Economists were expecting CPI inflation to be higher, but declining motor fuel prices helped offset rising clothes, utilities, and food prices.

This will provide some respite for consumers in the face of continued weakness in wages, however a survey from the Chartered Institute of Personnel and Development (CIPD) today predicted that pay rises would be just 1% over the next year.

It said in spite of falling unemployment, wage growth was weak because the supply of labour had also gone up.

 

Mortgage market concerns

The mortgage industry has raised concerns that the rising inflation rate is one of the key reasons behind a stalling market and fears that affordability is worsening.

However, Investec Wealth and Investment bond strategist Shilen Shah said the weaker than expected CPI figure could be good for mortgage interest rates.

“CPI has probably not hit its peak, however a weak domestic backdrop suggests it will drop back soon after, with core service CPI supporting this thesis,” he said.

“From a monetary policy perspective, Sterling’s fall post the release of the data is another indicator that the Bank of England is likely to sit on its hands over the next few months, with Brexit related uncertainty also starting to limit economic activity and underlying inflationary pressures.”

 

Commuter anger

However, this will not help beleaguered rail commuters who will see their rail fares rise by the Retail Prices Index (RPI) level of inflation, which hit 3.6%.

The gap has fuelled commuter anger, with passengers questioning why the government is persisting in using the higher and statistically poor RPI figure instead of the more widely used CPI figure.

David Sidebottom, director of Transport Focus, the independent transport user watchdog, said: “Yet again, passengers, now majority funders of the railway, face fare rises next January.

“Commuters do not give value for money on their railways a high satisfaction score – just one third according to our latest survey.

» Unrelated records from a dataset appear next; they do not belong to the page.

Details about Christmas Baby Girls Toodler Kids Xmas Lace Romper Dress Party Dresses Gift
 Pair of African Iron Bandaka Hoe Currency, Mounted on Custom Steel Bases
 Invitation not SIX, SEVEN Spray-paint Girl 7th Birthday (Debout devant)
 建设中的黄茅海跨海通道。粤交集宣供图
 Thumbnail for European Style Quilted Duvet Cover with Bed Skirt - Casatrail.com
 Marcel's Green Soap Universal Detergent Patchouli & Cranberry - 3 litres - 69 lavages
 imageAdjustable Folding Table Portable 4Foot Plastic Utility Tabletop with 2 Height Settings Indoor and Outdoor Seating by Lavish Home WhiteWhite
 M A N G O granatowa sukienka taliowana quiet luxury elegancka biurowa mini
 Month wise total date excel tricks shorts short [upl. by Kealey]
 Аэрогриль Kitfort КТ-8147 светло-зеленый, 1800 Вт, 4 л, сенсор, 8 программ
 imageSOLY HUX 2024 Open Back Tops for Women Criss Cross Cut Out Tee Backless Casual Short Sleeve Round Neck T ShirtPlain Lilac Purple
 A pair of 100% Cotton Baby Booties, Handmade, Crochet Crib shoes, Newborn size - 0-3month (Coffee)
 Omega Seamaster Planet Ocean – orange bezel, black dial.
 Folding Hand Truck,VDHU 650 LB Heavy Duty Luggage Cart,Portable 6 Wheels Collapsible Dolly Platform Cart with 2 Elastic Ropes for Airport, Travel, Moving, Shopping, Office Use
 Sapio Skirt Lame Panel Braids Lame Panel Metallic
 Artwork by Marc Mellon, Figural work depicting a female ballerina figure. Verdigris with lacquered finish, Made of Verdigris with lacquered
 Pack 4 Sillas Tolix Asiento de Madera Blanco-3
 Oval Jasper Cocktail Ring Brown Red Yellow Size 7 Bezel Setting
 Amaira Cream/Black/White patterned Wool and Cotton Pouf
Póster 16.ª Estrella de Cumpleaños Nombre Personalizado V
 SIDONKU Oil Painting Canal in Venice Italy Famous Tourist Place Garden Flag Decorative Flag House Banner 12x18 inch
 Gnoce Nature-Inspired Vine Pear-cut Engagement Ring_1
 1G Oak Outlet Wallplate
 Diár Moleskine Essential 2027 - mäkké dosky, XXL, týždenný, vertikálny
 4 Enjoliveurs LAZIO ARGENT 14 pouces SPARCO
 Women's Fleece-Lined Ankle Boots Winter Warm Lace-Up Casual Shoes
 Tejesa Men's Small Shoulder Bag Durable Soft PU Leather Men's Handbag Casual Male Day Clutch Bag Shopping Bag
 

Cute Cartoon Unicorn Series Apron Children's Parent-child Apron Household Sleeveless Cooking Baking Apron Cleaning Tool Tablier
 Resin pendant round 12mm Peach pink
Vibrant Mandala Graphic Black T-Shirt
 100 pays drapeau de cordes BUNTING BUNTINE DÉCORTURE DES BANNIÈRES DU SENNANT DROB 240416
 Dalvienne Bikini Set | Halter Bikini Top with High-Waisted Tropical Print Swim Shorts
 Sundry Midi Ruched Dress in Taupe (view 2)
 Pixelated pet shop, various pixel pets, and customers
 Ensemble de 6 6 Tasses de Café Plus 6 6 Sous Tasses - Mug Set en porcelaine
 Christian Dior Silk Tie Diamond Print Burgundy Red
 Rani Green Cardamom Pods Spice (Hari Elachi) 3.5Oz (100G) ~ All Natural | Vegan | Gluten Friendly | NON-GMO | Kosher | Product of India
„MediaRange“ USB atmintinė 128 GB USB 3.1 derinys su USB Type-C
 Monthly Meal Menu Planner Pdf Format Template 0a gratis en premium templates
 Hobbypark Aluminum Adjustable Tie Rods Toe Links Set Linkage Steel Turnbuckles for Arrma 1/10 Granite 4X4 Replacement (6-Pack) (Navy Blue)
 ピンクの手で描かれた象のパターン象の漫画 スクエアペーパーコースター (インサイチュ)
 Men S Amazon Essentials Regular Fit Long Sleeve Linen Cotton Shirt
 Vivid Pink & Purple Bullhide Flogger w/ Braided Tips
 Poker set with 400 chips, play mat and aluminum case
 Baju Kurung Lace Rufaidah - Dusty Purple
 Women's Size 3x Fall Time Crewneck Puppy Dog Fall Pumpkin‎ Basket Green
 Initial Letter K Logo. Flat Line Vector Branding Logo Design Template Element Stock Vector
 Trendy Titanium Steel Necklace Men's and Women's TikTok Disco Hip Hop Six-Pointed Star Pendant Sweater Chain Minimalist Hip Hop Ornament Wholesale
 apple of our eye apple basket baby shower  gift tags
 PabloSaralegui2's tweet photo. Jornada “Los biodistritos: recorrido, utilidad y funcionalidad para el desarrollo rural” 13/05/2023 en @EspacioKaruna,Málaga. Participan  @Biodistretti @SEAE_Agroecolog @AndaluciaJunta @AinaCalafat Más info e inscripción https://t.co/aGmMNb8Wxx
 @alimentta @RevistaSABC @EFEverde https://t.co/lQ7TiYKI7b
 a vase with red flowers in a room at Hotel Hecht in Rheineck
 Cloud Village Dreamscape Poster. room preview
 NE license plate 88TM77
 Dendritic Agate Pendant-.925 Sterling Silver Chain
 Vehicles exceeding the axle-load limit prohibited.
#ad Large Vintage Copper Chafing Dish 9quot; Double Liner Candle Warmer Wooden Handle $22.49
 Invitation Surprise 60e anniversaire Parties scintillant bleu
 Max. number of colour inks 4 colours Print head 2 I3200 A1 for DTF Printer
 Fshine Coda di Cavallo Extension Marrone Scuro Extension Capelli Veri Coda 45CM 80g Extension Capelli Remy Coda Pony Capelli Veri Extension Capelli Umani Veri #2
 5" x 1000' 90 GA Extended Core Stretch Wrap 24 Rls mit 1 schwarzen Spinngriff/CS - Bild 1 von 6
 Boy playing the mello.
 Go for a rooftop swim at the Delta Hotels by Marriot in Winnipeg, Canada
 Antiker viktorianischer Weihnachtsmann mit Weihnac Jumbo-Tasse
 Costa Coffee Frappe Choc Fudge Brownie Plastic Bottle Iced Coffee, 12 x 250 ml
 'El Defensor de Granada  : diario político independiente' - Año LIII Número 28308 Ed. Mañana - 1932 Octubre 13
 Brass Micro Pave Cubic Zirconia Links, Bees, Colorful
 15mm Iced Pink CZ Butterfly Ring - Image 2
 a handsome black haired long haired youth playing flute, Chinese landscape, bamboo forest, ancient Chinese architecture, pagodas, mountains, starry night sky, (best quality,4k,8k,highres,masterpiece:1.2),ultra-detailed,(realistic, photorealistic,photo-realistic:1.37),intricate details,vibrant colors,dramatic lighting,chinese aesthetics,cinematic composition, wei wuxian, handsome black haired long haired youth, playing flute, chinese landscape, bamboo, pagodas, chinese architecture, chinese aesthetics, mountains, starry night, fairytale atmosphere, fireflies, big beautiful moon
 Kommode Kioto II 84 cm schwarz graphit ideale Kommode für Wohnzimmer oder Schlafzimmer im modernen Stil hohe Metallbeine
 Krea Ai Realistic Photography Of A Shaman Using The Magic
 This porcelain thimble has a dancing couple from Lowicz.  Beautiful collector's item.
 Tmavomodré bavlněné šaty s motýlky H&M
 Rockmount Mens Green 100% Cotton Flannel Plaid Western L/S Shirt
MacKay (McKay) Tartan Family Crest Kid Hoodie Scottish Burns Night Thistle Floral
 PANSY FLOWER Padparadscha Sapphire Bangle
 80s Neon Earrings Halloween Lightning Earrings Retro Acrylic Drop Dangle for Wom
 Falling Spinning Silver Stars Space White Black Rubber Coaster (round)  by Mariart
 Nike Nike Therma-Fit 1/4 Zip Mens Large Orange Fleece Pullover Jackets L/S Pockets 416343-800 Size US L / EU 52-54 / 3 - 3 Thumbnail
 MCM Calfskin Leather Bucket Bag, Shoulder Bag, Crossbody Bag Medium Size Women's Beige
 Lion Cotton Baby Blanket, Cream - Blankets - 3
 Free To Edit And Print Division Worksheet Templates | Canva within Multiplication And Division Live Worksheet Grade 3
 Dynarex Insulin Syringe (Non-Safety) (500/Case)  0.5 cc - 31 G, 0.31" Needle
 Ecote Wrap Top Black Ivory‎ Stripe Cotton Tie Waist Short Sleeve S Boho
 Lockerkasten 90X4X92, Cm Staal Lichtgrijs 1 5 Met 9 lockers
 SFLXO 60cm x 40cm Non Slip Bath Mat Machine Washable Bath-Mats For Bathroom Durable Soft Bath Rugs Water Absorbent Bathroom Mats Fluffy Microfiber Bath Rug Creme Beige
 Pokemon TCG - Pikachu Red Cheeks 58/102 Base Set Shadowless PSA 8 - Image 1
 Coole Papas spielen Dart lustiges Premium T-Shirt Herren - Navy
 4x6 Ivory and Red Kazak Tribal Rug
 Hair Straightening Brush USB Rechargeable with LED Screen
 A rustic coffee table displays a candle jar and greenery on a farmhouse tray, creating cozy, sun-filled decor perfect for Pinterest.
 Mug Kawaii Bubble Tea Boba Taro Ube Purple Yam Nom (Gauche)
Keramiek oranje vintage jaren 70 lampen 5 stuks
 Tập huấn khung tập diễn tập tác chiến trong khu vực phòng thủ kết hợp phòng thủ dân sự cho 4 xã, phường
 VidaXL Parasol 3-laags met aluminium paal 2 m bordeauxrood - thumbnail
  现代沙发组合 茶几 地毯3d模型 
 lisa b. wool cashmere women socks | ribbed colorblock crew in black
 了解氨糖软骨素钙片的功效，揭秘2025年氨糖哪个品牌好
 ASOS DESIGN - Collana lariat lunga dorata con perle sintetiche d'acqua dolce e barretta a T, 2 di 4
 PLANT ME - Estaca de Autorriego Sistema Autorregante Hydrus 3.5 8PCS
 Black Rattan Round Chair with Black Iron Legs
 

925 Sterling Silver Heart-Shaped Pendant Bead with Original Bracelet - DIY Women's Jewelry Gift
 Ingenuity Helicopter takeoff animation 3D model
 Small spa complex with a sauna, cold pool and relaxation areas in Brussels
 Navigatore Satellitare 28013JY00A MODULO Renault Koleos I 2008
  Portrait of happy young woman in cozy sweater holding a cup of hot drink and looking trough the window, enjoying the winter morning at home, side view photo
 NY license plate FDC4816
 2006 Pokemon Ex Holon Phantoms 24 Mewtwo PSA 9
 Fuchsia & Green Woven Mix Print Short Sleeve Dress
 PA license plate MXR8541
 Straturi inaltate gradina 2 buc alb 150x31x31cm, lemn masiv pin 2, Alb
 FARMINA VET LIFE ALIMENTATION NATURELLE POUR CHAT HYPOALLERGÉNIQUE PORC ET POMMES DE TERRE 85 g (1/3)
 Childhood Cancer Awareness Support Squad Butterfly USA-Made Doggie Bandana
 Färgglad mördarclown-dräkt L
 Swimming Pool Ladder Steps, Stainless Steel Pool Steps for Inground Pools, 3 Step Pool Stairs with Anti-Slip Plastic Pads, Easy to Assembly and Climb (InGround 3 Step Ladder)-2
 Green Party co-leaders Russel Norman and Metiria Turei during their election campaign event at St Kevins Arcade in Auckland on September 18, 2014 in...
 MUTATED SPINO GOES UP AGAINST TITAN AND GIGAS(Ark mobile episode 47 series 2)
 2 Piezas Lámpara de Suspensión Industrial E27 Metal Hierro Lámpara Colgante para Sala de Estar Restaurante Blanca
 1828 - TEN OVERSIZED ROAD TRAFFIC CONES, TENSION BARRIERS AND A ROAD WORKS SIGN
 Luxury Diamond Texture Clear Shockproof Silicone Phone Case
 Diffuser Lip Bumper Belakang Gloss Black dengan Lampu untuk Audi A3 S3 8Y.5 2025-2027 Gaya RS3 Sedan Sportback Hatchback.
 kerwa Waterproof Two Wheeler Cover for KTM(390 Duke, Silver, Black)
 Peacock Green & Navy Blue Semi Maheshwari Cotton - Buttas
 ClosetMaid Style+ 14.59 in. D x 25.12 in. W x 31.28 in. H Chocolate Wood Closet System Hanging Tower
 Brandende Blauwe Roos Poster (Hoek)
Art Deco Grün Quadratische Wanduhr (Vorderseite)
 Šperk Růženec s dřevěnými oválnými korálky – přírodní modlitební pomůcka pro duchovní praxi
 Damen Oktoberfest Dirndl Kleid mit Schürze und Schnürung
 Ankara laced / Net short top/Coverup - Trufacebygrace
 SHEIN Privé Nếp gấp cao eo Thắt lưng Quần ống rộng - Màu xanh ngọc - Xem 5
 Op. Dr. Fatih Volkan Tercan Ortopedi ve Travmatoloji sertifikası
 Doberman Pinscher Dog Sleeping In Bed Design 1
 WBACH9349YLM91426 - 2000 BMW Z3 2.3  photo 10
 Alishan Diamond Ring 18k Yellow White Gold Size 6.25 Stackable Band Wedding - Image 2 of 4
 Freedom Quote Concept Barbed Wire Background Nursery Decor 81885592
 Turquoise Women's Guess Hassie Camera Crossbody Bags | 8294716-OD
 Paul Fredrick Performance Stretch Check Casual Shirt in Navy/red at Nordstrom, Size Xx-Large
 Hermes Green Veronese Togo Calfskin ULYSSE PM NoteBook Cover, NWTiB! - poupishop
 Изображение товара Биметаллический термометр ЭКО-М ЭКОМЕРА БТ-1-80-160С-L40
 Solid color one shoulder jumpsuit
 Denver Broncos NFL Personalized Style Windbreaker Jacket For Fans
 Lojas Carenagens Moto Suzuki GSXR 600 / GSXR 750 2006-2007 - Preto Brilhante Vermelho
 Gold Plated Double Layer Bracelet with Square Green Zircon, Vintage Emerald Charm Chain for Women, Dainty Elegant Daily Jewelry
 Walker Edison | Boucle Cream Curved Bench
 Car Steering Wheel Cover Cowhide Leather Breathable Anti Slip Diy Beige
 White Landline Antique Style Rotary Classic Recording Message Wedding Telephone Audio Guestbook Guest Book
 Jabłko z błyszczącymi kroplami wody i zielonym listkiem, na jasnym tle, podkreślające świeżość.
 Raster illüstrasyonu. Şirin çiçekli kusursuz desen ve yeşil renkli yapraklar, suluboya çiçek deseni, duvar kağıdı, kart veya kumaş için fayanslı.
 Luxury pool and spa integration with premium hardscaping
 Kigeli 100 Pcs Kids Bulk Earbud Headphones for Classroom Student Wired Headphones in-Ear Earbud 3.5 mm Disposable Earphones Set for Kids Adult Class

So while performance remains patchy and with pay and wages not keeping pace with inflation, they will feel rightly aggrieved if they are paying much higher rises next January.

“Why is the government not using its preferred measure of inflation: the one that is used to determine wages and pension increases, and one which is often lower than RPI? Passengers deserve a fairer deal.”

The key difference between RPI over CPI is that it includes the costs of housing (mortgage interest costs and council tax for example) while CPI does not.